SUPPLEMENTAL LIFE INSURANCE AGREEMENT

DATED JANUARY 3, 2006

FOR

JOSEPH BURNETT

               This First Amendment is adopted this 31st day of December, 2007, by and between Old
Line Bank, a state-chartered commercial bank located in Bowie, Maryland (the “Bank”), and Joseph
Burnett (the “Executive”).

               The Bank and the Executive executed the Supplemental Life Insurance Agreement on January 3,
2006 (the “Agreement”).

               The undersigned hereby amend the Agreement for the purpose of providing a split dollar life
insurance benefit if the Executive’s death occurs prior to the Executive’s Separation from Service.
Therefore, the following changes shall be made:

               Section 1.6 of the Agreement shall be deleted in its entirety.

               Section 1.14 of the Agreement shall be deleted in its entirety and replaced by the following:

	1.14	 	“Separation from Service” means the termination of the Executive’s employment with
the Bank for reasons other than death. Whether a Separation from Service takes place is
determined based on the facts and circumstances surrounding the termination of the Executive’s
employment and whether the Bank and the Executive intended for the Executive to provide
significant services for the Bank following such termination.
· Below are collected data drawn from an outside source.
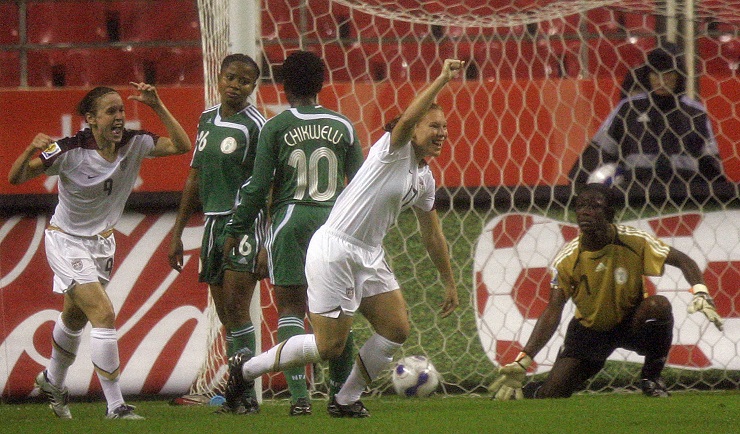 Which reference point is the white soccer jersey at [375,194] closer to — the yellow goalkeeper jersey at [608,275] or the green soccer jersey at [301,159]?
the green soccer jersey at [301,159]

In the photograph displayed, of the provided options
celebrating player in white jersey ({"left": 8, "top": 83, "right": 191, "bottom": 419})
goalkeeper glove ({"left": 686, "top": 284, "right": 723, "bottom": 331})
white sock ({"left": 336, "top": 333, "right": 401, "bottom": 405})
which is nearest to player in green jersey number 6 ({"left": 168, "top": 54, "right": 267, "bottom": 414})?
celebrating player in white jersey ({"left": 8, "top": 83, "right": 191, "bottom": 419})

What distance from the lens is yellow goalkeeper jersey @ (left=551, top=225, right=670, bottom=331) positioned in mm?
5836

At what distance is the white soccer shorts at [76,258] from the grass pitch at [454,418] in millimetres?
592

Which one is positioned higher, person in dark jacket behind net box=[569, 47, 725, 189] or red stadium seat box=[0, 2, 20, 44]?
red stadium seat box=[0, 2, 20, 44]

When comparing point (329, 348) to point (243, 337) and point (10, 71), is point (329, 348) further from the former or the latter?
point (10, 71)

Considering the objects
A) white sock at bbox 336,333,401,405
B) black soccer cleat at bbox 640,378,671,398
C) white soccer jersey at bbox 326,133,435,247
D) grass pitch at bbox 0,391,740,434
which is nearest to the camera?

A termination of employment
will not be considered a Separation from Service if:

	 	(a)	 	the Executive continues to provide services as an employee of the Bank at an
annual rate that is twenty percent (20%) or more of the services rendered, on average,
during the immediately preceding three full calendar years of employment (or, if
employed less than three years, such lesser period) and the annual remuneration for
such services is twenty percent (20%) or more of the average annual remuneration earned
during the final three full calendar years of employment (or, if less, such lesser
period), or
	 
	 	(b)	 	the Executive continues to provide services to the Bank in a capacity other
than as an employee of the Bank at an annual rate that is fifty percent (50%) or more
of the services rendered, on average, during the immediately preceding three full
calendar years of employment (or if employed less than three years, such lesser
period) and the annual remuneration for such services is fifty percent (50%) or
more of the average annual remuneration earned during the final three full

 

 

	 	 	 	calendar years of employment (or if less, such lesser period).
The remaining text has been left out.